Davon zeugt jedenfalls die geschickte Lichtführung im Innenraum. Ein 5/10 Chorabschluß bildet überdies die Ostseite des Baus, zusammen mit zwei Seitenapsiden. Ein Pseudoquerschiff bildet die Vierung, pseudo weil es nicht über die Seitenwände des Kirchenschiffs hinausragt. Imposant steht der Bau auf dem Platz, außerdem umgeben von ehemaligen Stiftsgebäuden.
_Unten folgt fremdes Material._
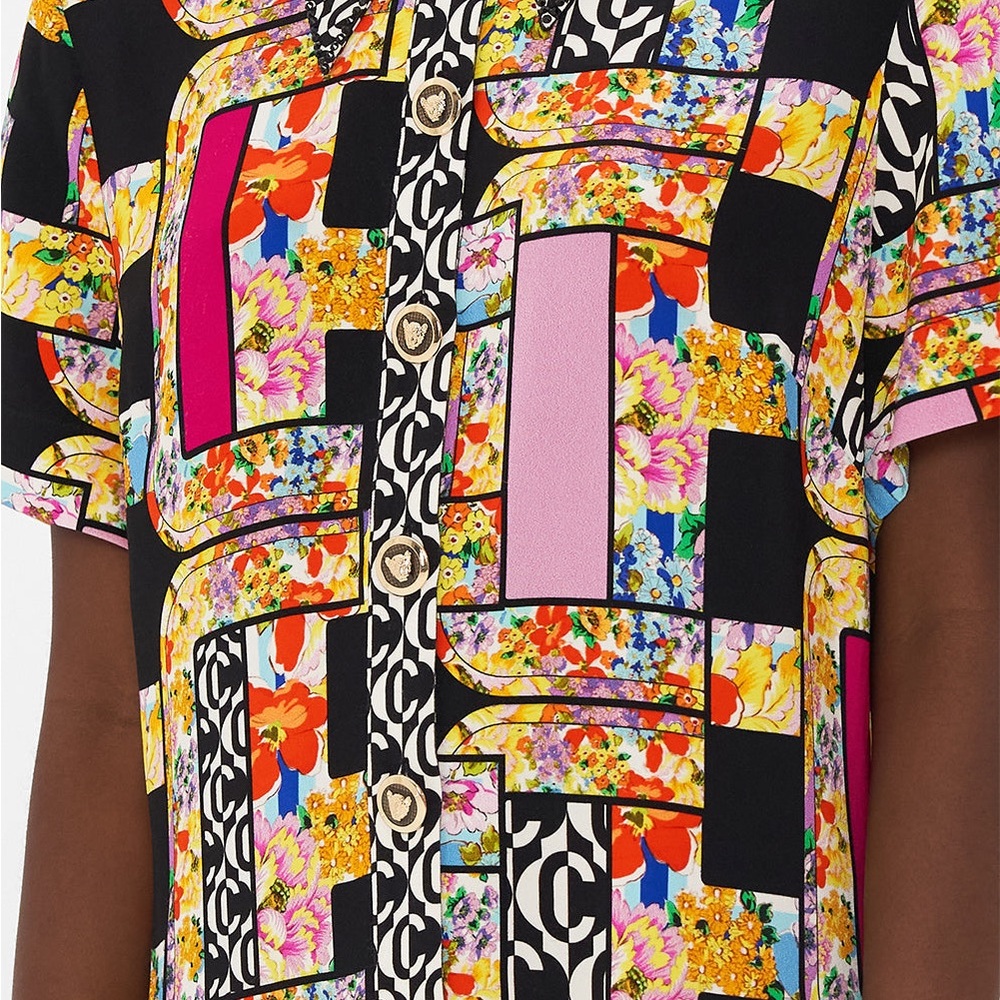 Camilla Black Patchwork Mini dress Button Front M… - image 6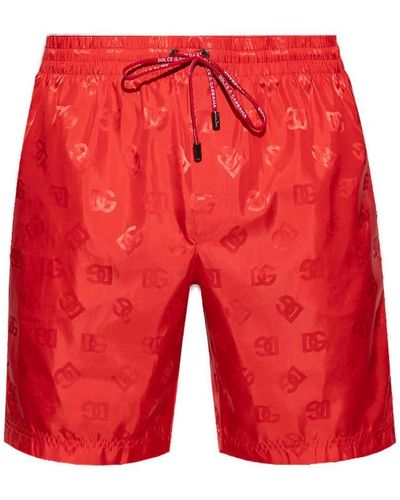 Dolce & Gabbana Monogram Jacquard Drawstring Swim Shorts - Red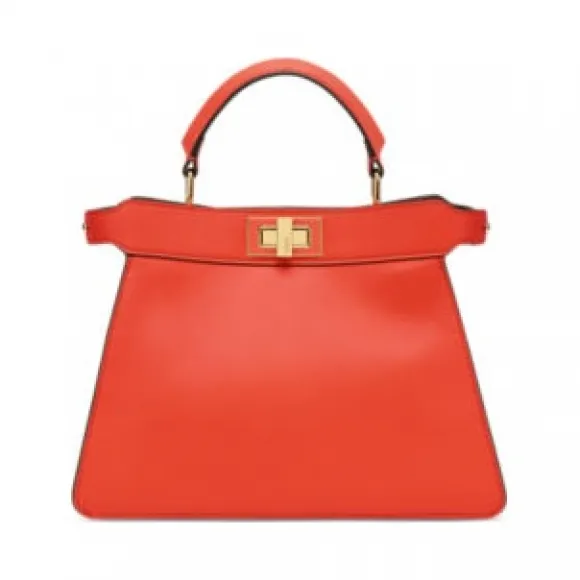 芬迪/Fendi PEEKABOO ISEEU小号米色和红色皮革手袋-女士手袋-FENDI芬迪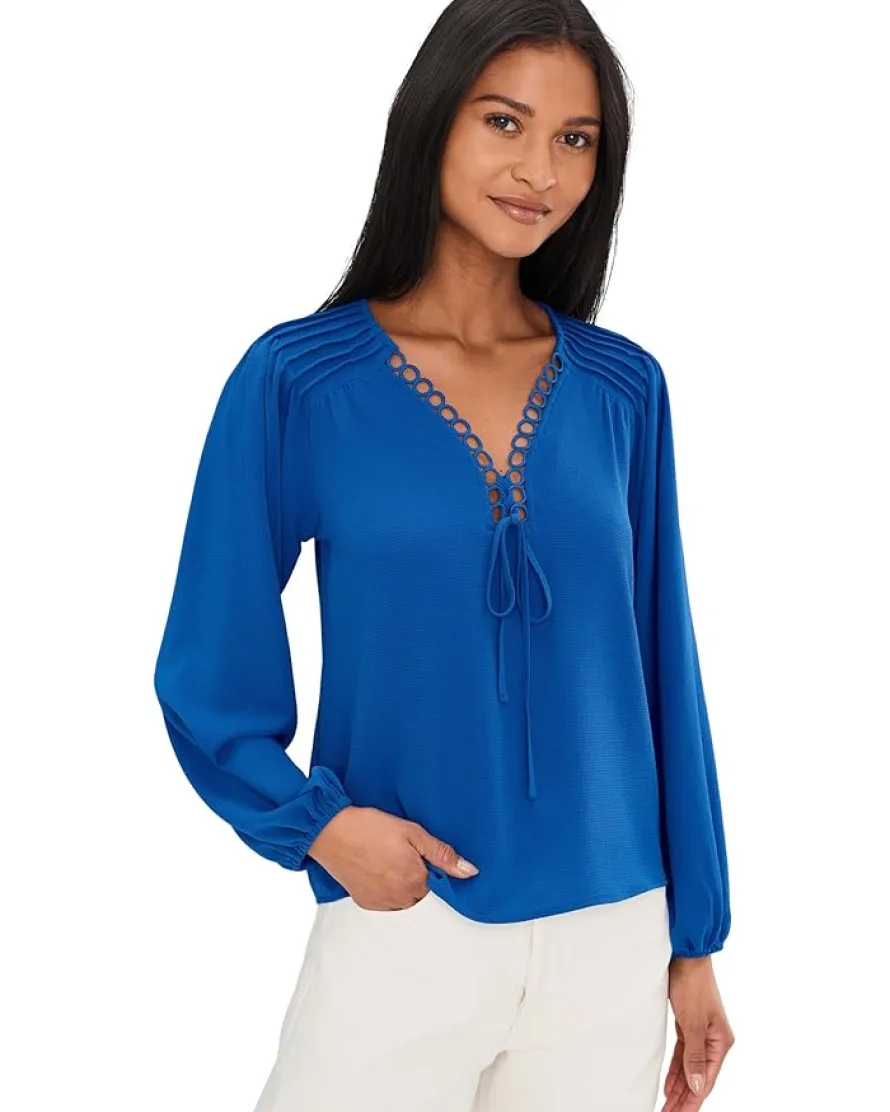 CeCe Long Sleeve Circular Trim Pintuck Top Women's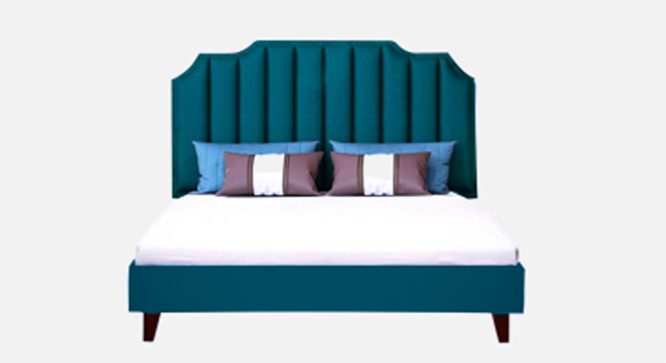 Eliana Upholstered Non Storage Bed (Queen Bed Size, PROVINCIAL TEAK Finish, Ocean Green) by Urban Ladder - - 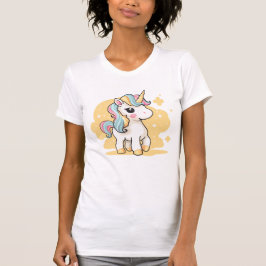 Niedliche Pastel Unicorn Gelber T - Shirt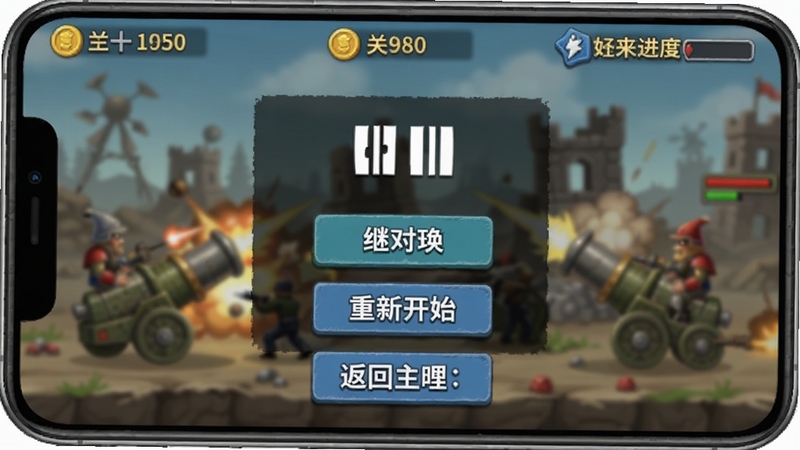 疯狂大炮保卫战离线模式界面,手机屏幕显示游戏暂停菜单,有继续游戏、重新开始、返回主菜单按钮,背景是战斗场景虚化,屏幕上方显示金币数量和关卡进度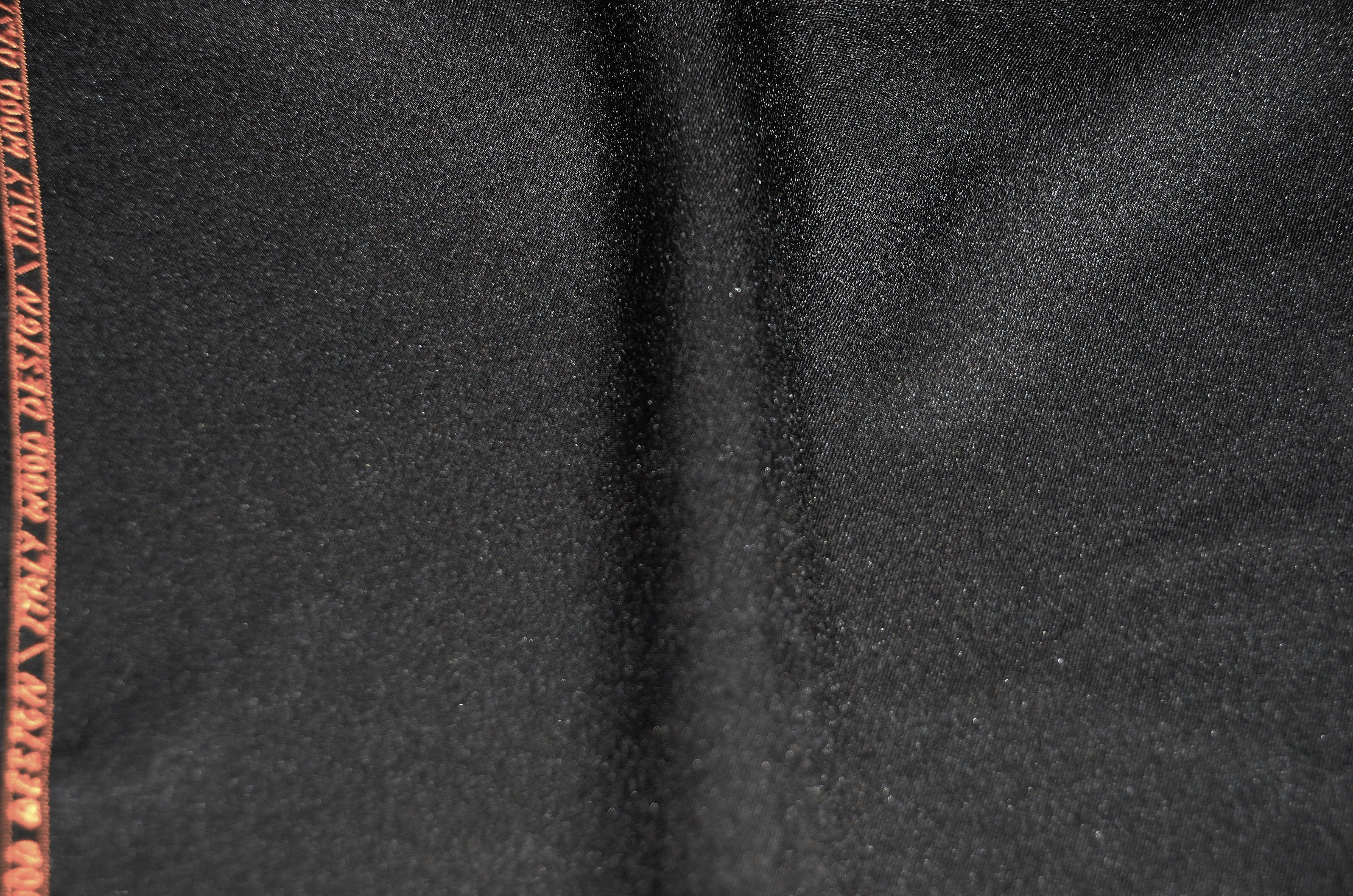 Black Polyester Suiting Fabric | 58" Wide | Black Woven Polyester Suiting Fabric |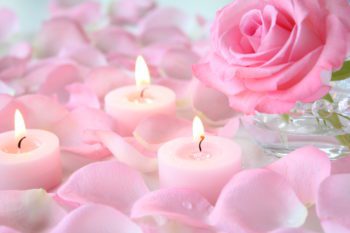 Rose scented candle stress relief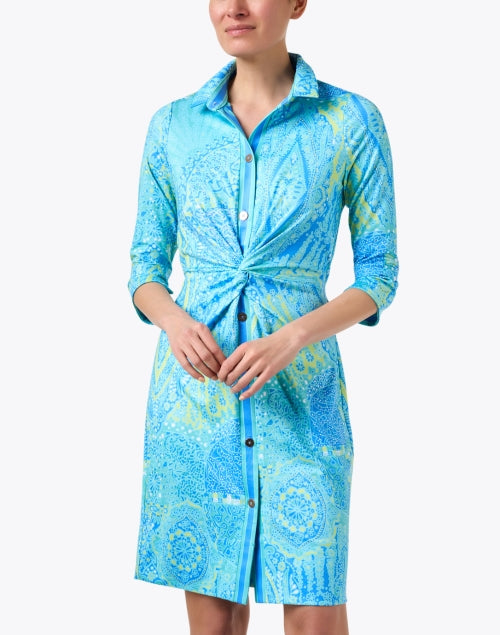 Intricate Turquoise Print Three - Quarter Sleeve Knee - Length Twist Dress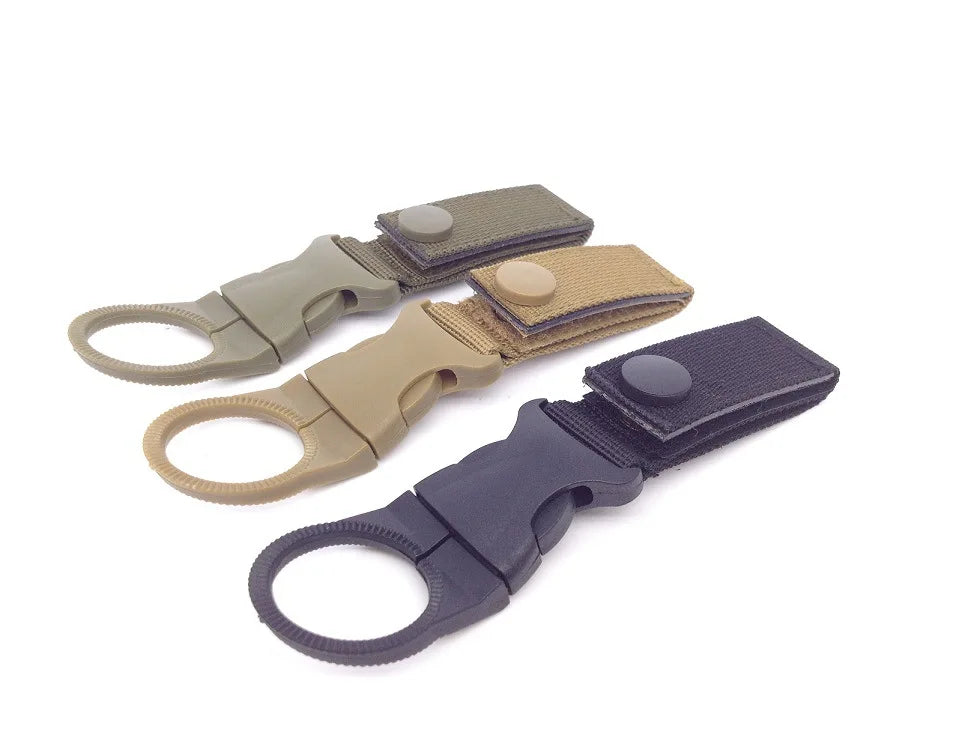 New Outdoor Camping Hiking Tactical Multifunction Nylon Webbing Carabiner Buckle Bottle Hanging Bottles Strap Belt Clip EDC Tool - Eloy Royal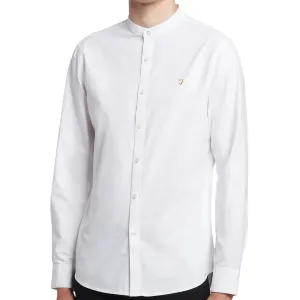 Farah Mens Brewer Slim Fit Long Sleeve Organic Cotton Grandad Shirt White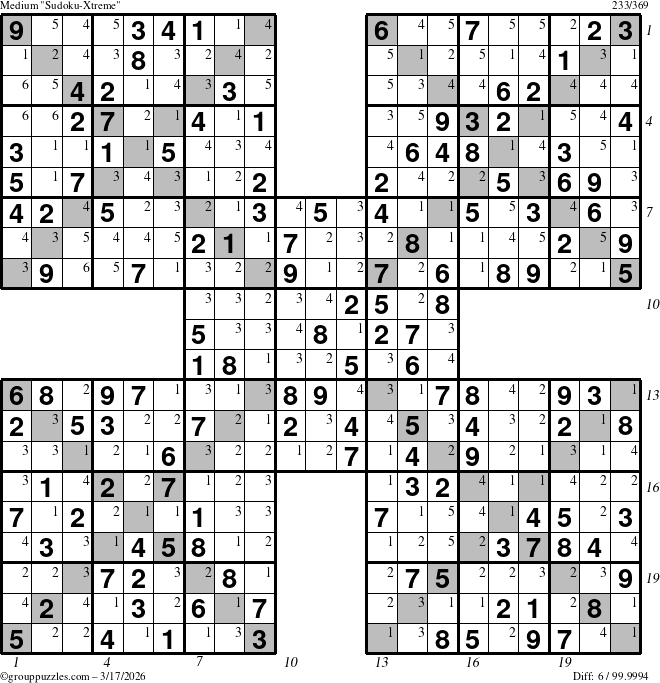 The grouppuzzles.com Medium Sudoku-Xtreme puzzle for Tuesday March 17, 2026 with all 6 steps marked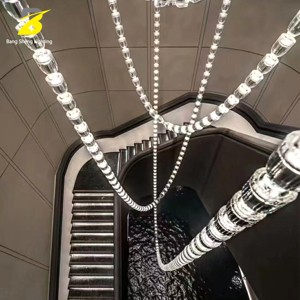 Luxury Modern Crystal Bead Chain Waterfall Chandelier Creative String Crystal LED Pendant <strong>Light</strong> for Hotel Staircase Middle - Product Image 4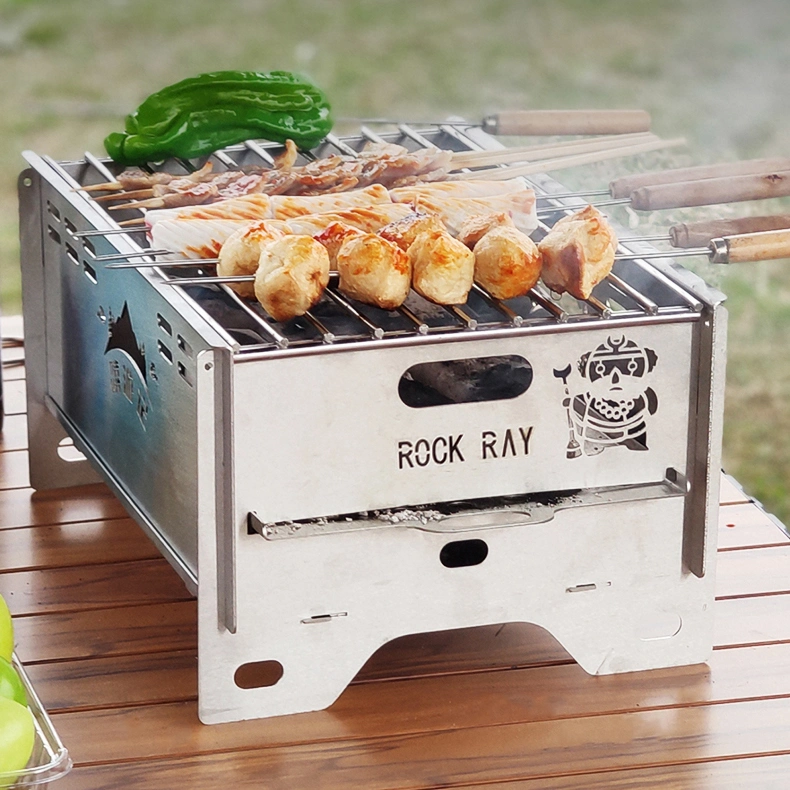 Reisen Portable Herd Grill faltbare Edelstahl Holzkohle BBQ Grill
In einem davon ist das Heinrich-Neuy-Bauhaus-Museum untergebracht.
Ausstattung
Zur Ausstattung der Nikomedes-Kirche gehören sowohl Bildwerke aus der Vorgängerkirche als auch historistische Ausstattung.
Beispielsweise eine Unterweisung Mariens durch Anna, aus der Zeit um 1450/70.
Ebenso interessant ist die Gestaltung des Hochaltars von 1941, das Retabel ist eine Messingtreibarbeit mit verschiedenen Szenen des Lebens Jesu.
Neben dem Kanzelkorb ist dort auch der Franziskus-Altar von 1896 des Bildhauers Bolte nach Entwürfen des Architekten Hertel spannend. Besonders wertvoll sind allerdings die für normal in der Stiftskammer ausgestellten Stücke aus dem Besitz des Kanonissinnenkonvents.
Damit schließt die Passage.